» **What is needed**: Start the copy at the line containing "Greer Velvet Upholstered" and run it through the last line of the records. Repeat each line exactly; omit pictures.

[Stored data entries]

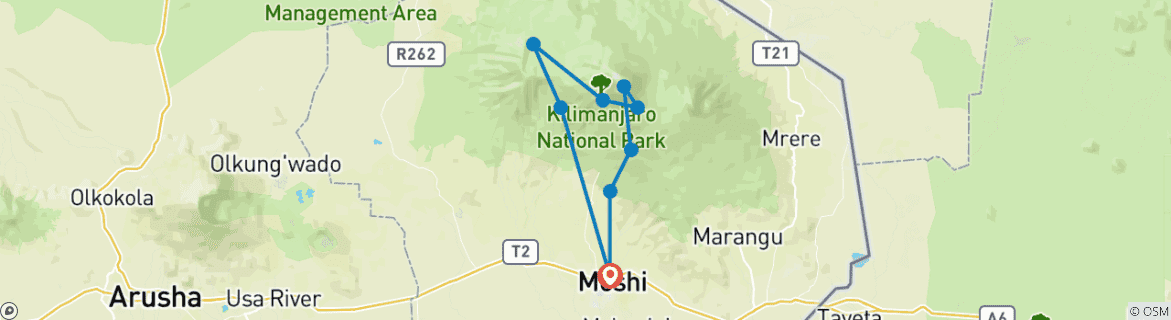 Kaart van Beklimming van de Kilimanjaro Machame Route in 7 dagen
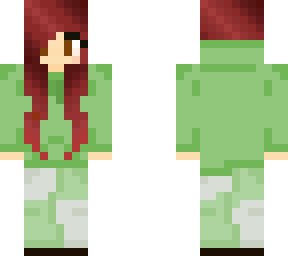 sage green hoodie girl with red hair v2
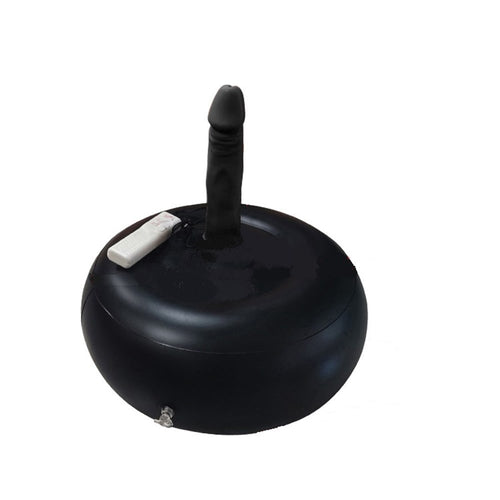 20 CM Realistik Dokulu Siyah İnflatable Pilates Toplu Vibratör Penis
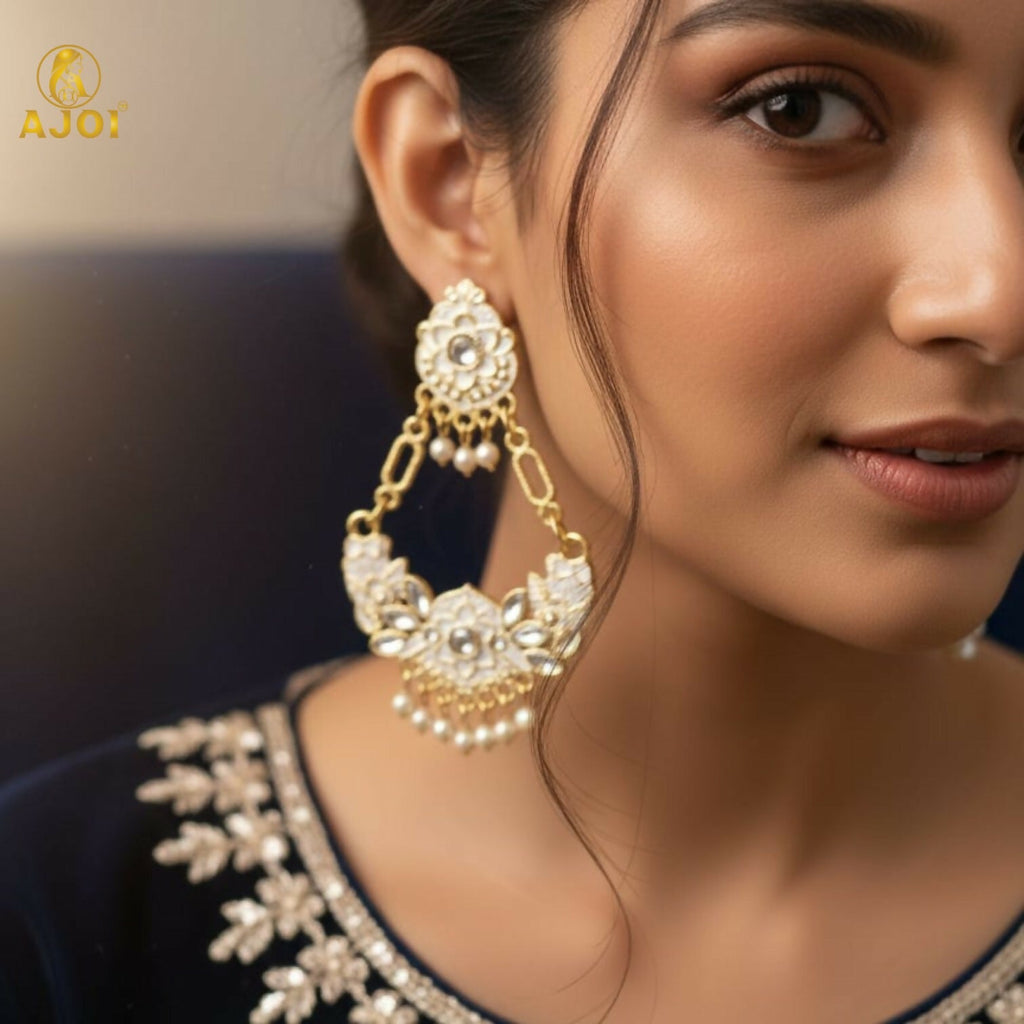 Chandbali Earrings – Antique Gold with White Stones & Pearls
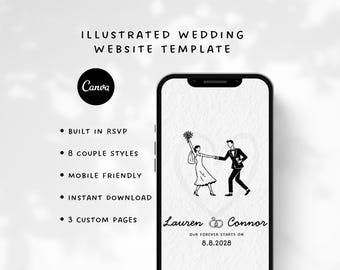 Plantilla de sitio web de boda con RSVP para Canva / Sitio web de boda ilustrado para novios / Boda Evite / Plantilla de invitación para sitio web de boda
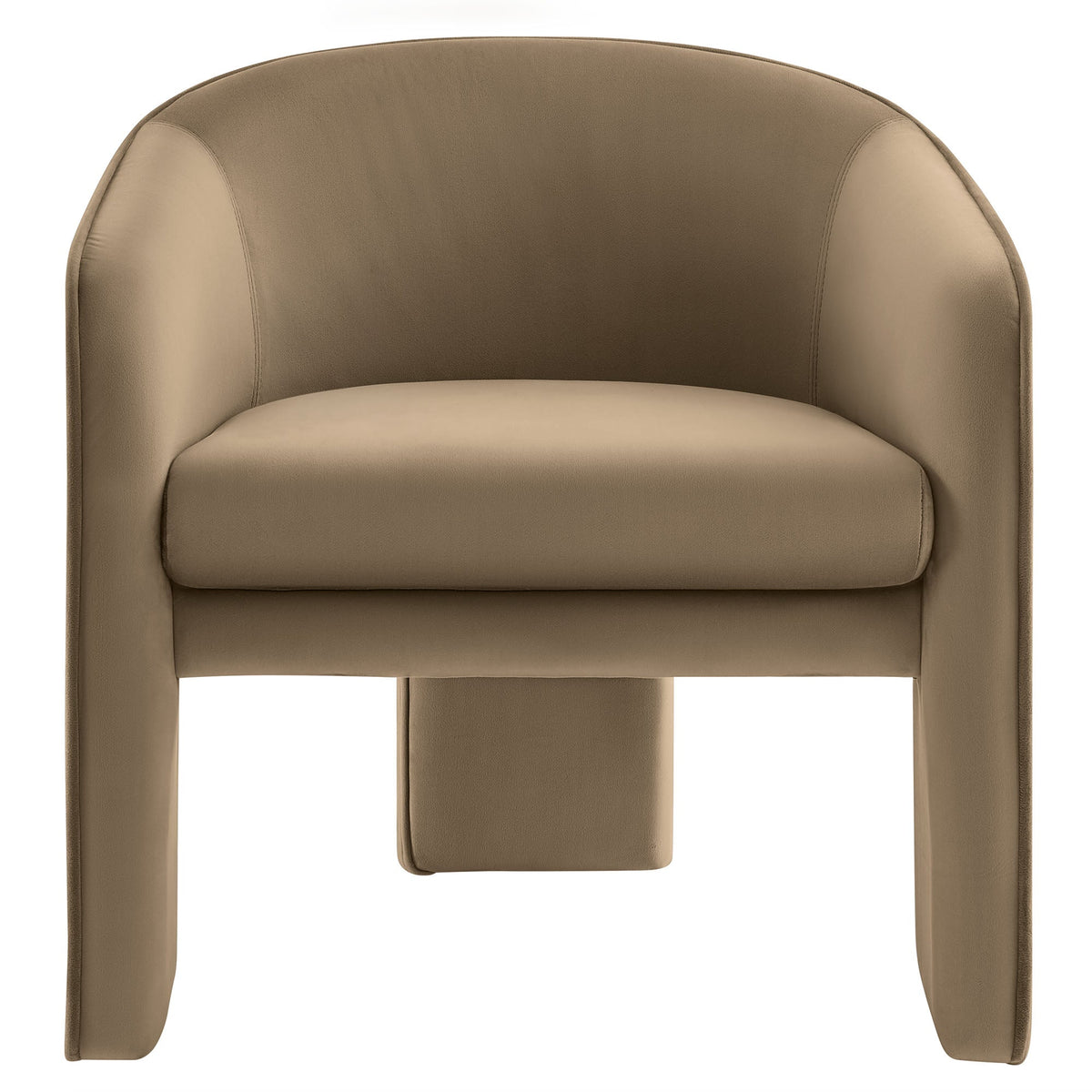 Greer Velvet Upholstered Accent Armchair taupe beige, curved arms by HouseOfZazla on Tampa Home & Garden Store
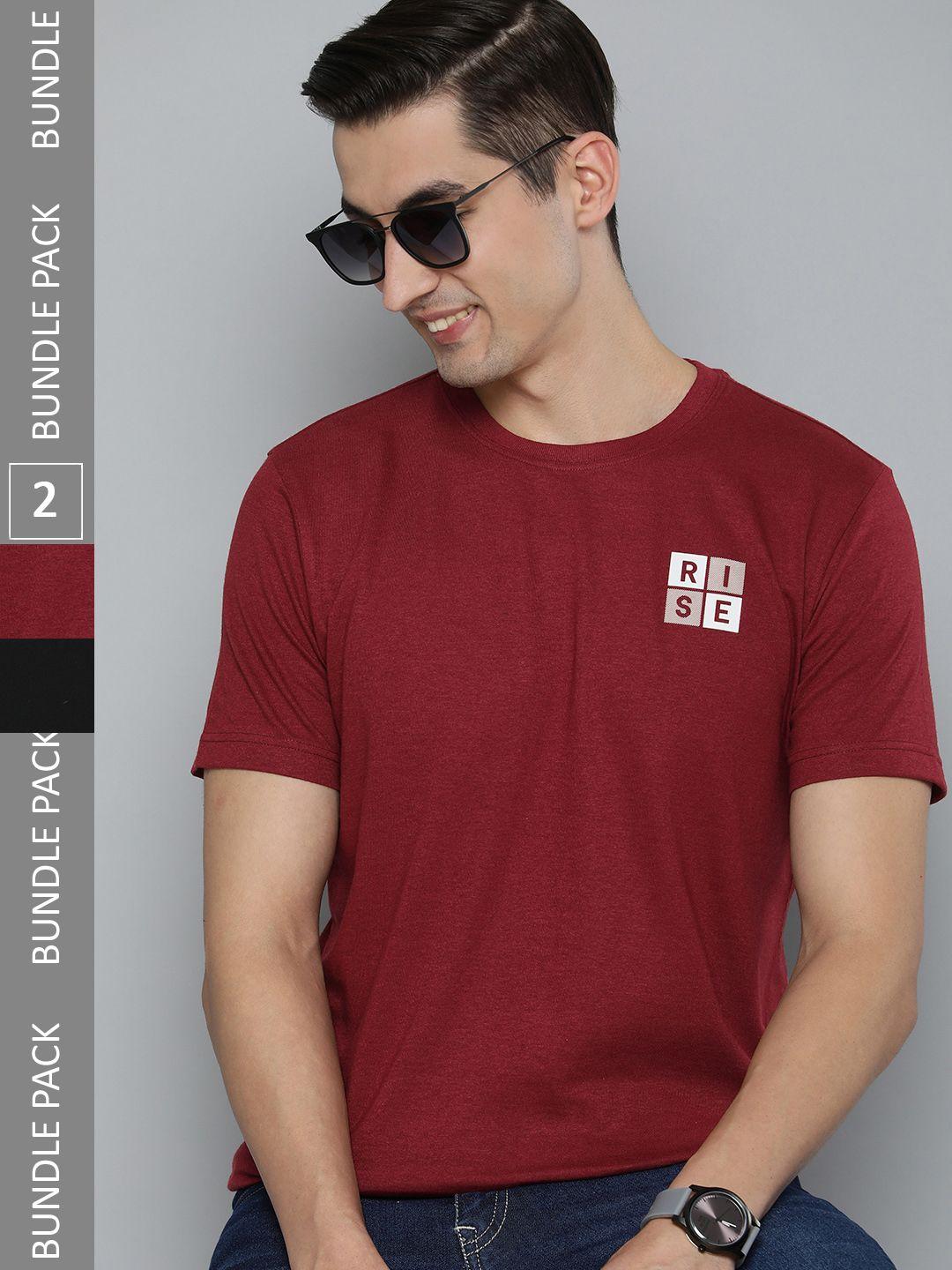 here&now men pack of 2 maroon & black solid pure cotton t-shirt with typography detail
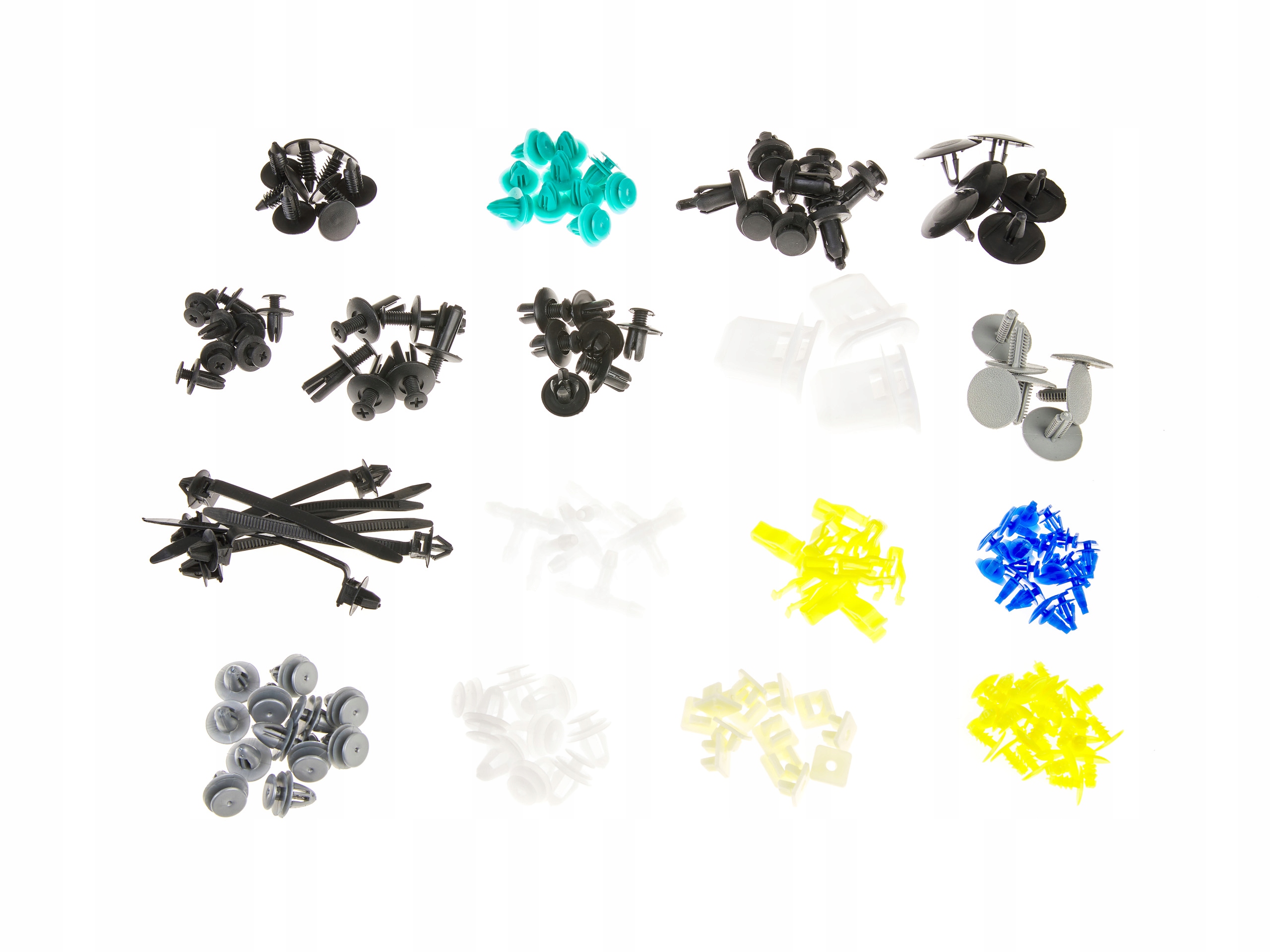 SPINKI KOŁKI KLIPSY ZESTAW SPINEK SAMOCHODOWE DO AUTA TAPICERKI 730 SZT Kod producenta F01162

» **Task answer**:
 Greer Velvet Upholstered Accent Armchair taupe beige, curved arms by HouseOfZazla on Tampa Home & Garden Store
 here&now men pack of 2 maroon & black solid pure cotton t-shirt with typography detail
 SPINKI KOŁKI KLIPSY ZESTAW SPINEK SAMOCHODOWE DO AUTA TAPICERKI 730 SZT Kod producenta F01162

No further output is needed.